--- YOUR ASSIGNMENT ---
Quote the whole listing exactly. Leave the pictures out of your copy.

--- PROVIDED MATERIAL ---
*** Begin section ***
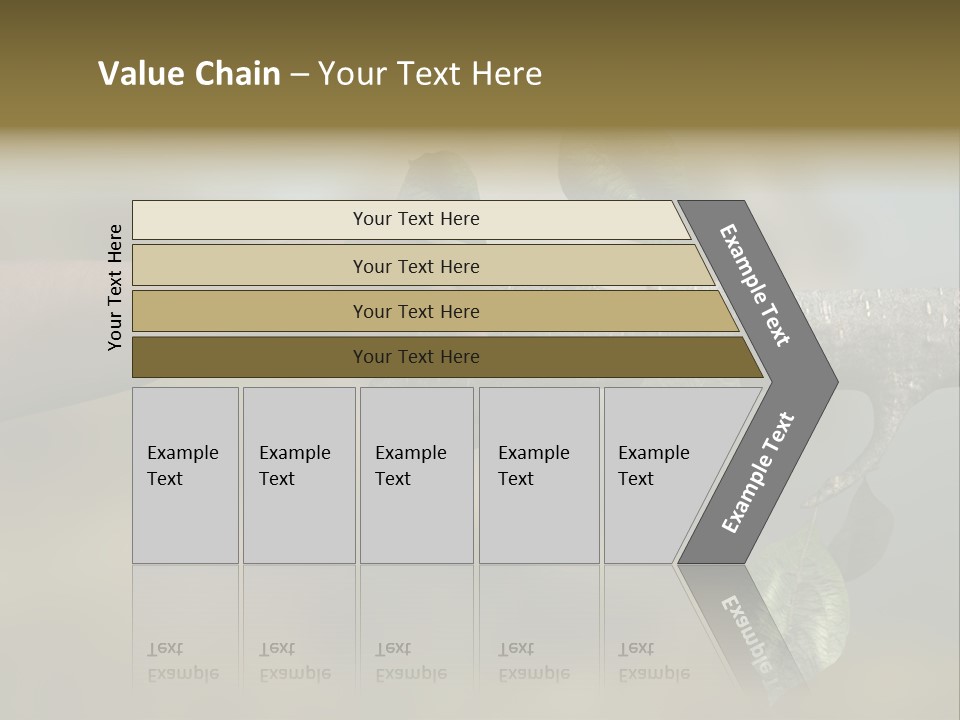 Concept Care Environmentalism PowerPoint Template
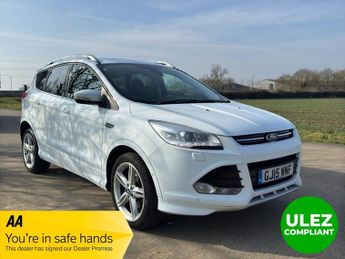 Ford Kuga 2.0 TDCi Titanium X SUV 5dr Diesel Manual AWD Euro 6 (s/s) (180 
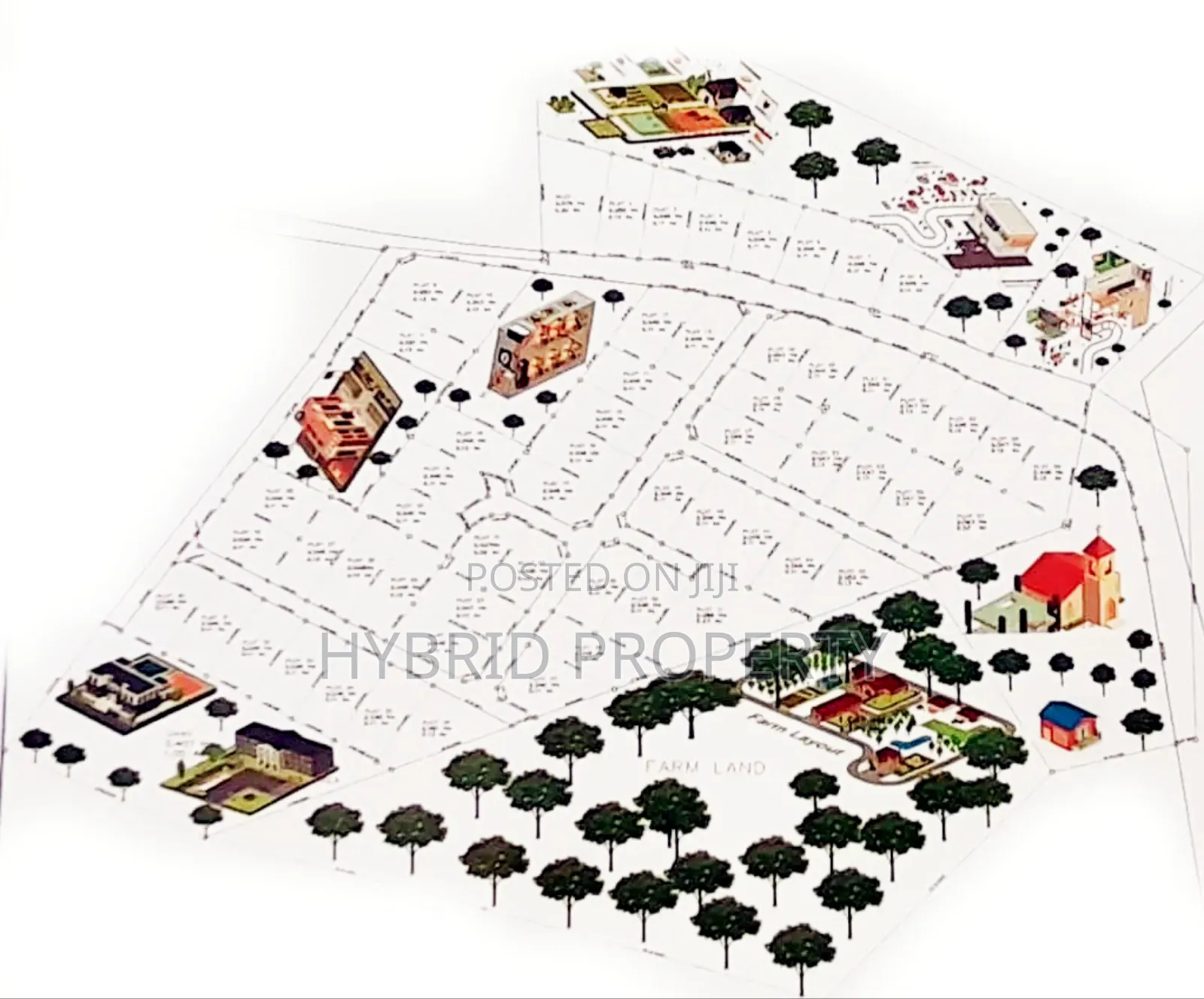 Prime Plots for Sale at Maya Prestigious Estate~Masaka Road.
*** End section ***
--- THE COMPLETED TASK ---
 Concept Care Environmentalism PowerPoint Template
 Ford Kuga 2.0 TDCi Titanium X SUV 5dr Diesel Manual AWD Euro 6 (s/s) (180 
 Prime Plots for Sale at Maya Prestigious Estate~Masaka Road.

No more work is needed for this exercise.